Overviews of the current state of research on COVID and K-12 schools.

Image by Gerd Altmann from Pixabay.
Schools can be open safely – even with Delta – as long as we put what we learned last year into practice. (The Atlantic, 08.23.2021)
Seriously, folks, we KNOW how to do this.
What Parents Want Schools to Do in Fall 2021
(RAND, July 2021)
The results of a nationwide survey show that parents want:
- Ventilation in classrooms
- Vaccinated teachers
- Social distancing
- Mandatory masking
- Regular COVID-19 testing.
#1 concern about testing? That it’ll be physically uncomfortable.

Transmission of SARS-CoV-2
In K-12 schools
(CDC Science Briefs, 02.12.21)
- Yes, it can happen.
- If mitigation protocols are in place, it happens rarely.
- The higher the COVID prevalence in the community, the more likely it is to happen.
- It’s more likely to happen between staff members than it is from students to staff, staff to student, or student to student.
- It might be more likely to happen in high schools than in elementary schools.
- Wearing masks and physical distancing are REALLY IMPORTANT parts of making sure it doesn’t happen.
- If schools use multiple mitigation strategies, it’s MUCH LESS LIKELY to happen.
- It’s much more likely to happen during sports – especially close contact sports – than it is to happen in school itself.

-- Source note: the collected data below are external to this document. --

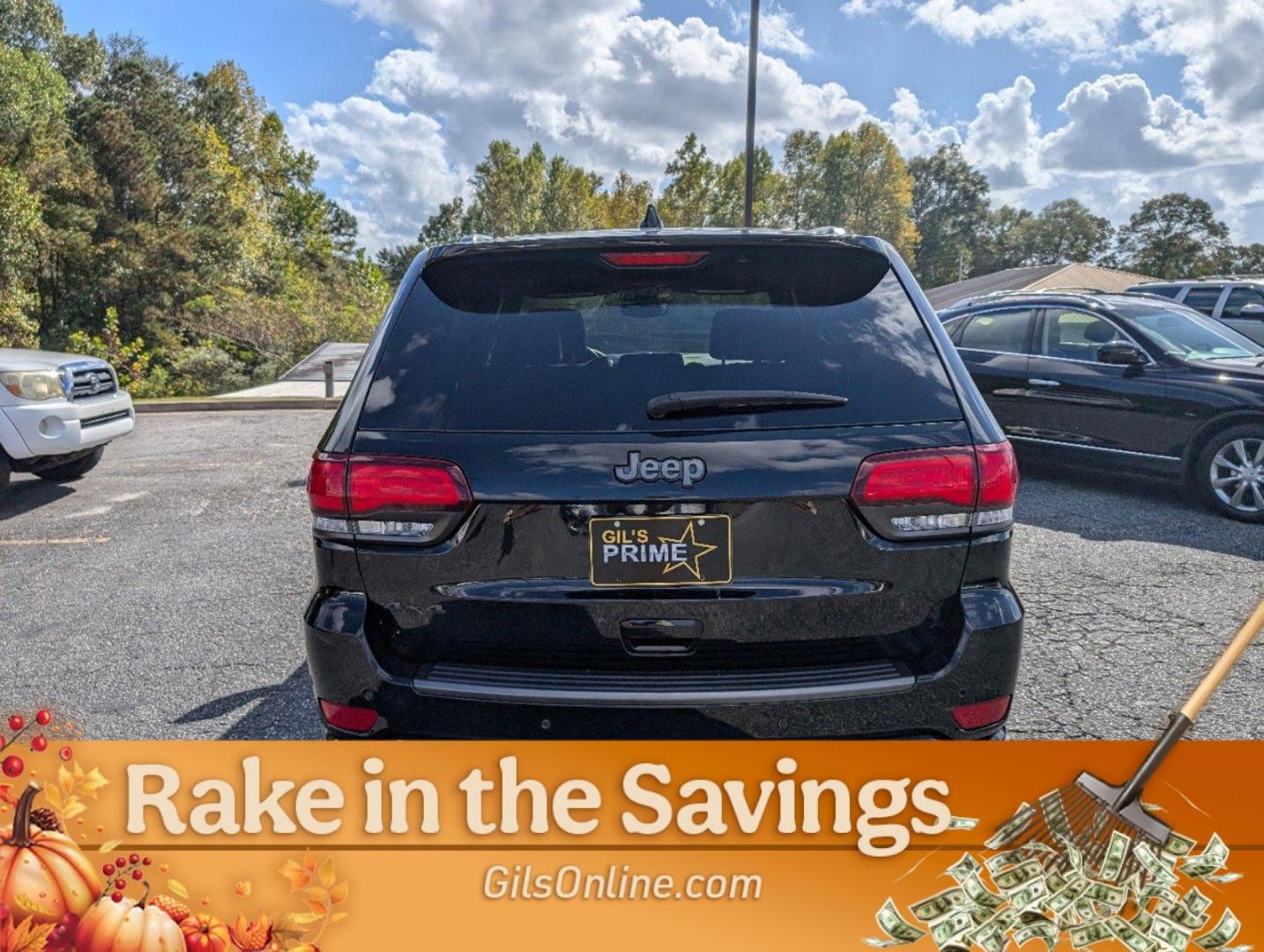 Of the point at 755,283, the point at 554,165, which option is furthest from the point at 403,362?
the point at 554,165

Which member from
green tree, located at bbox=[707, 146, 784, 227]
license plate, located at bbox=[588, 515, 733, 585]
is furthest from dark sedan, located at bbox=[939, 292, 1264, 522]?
green tree, located at bbox=[707, 146, 784, 227]

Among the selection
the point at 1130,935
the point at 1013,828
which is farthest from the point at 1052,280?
the point at 1130,935

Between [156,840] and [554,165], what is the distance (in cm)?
6175

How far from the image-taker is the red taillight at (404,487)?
79.3 inches

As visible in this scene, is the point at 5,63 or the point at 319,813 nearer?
the point at 319,813

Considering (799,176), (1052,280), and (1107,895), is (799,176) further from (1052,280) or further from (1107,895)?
(1107,895)

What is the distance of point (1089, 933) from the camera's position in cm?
196

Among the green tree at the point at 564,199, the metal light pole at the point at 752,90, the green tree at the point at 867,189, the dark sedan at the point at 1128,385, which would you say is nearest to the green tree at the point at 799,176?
the green tree at the point at 867,189

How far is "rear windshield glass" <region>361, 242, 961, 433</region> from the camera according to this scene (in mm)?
2059

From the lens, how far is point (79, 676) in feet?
12.6

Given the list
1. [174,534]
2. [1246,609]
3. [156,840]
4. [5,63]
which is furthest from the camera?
[5,63]

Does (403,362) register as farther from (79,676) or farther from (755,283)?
(79,676)

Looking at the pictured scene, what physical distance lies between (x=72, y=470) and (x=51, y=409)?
4.92 feet

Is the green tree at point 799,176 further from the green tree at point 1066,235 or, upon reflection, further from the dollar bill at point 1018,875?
the dollar bill at point 1018,875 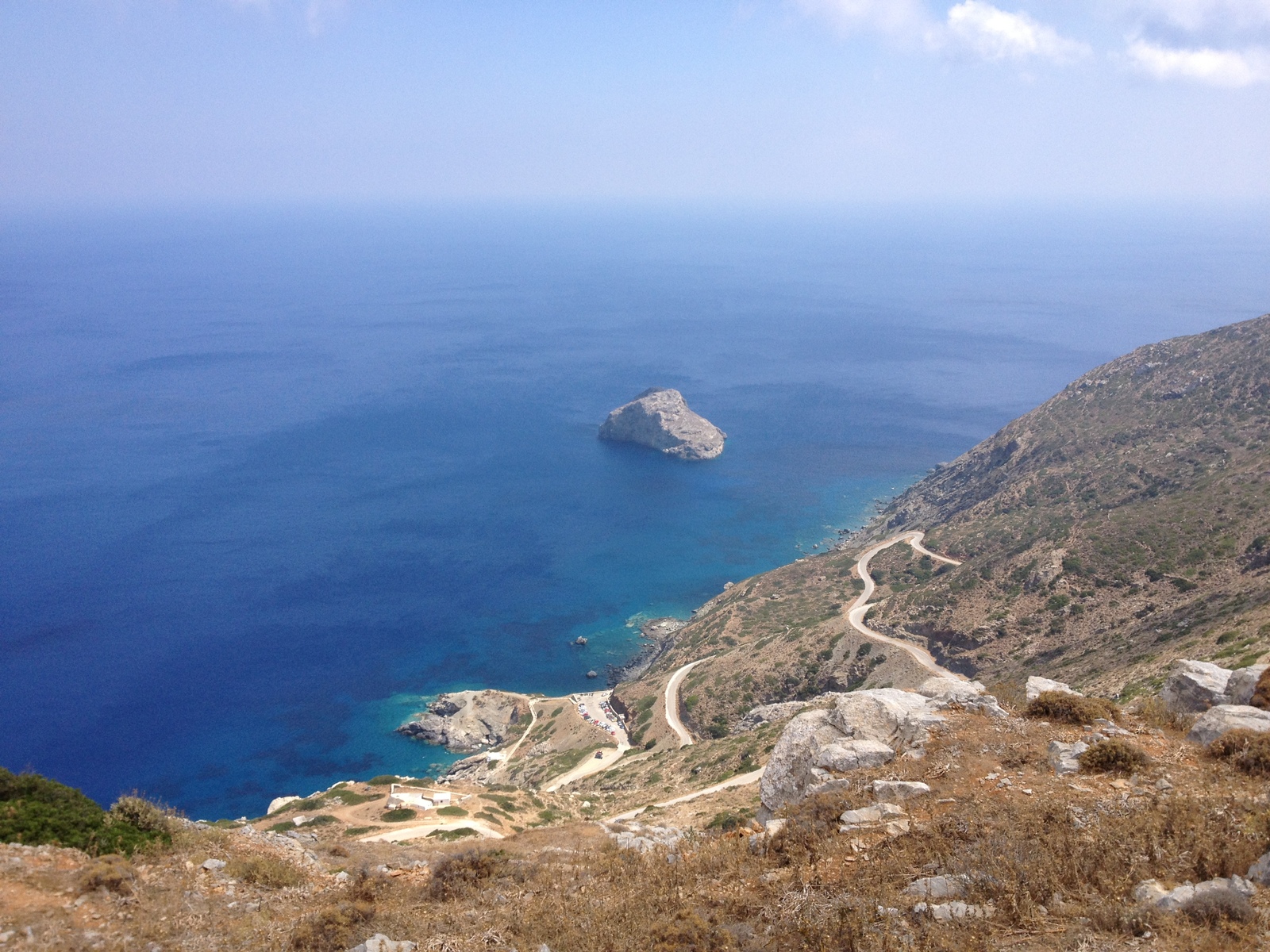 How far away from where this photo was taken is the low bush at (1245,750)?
12.1 metres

If mitigation measures in place, risk difference between 6 feet and 3 feet of distance is negligible (Clinical Infectious Diseases, 03.10.21)
This study looked at data from 251 Massachusetts school districts, comprising over half a million students and nearly 100,000 teachers and staff members. All the schools required masking; more than 90% had improved their ventilation in some way. There was no significant difference in the COVID case rates of schools at three vs. six feet of distance. And every single school district’s COVID incidence rates were lower than the incidence rates of their surrounding communities.

The Truth About Kids, School, and COVID-19
(The Atlantic, 01.28.21)
“The choice before us is not between ‘Keep the schools closed until COVID-19 is eliminated, smallpox-style, from the face of the Earth’ and ‘Open every school immediately.'”
“Instead, the United States needs a focused framework, guided by science and common sense, for how to open schools as safely and as soon as possible, considering the risk to students and parents from closed classrooms, while keeping teacher fears front of mind.”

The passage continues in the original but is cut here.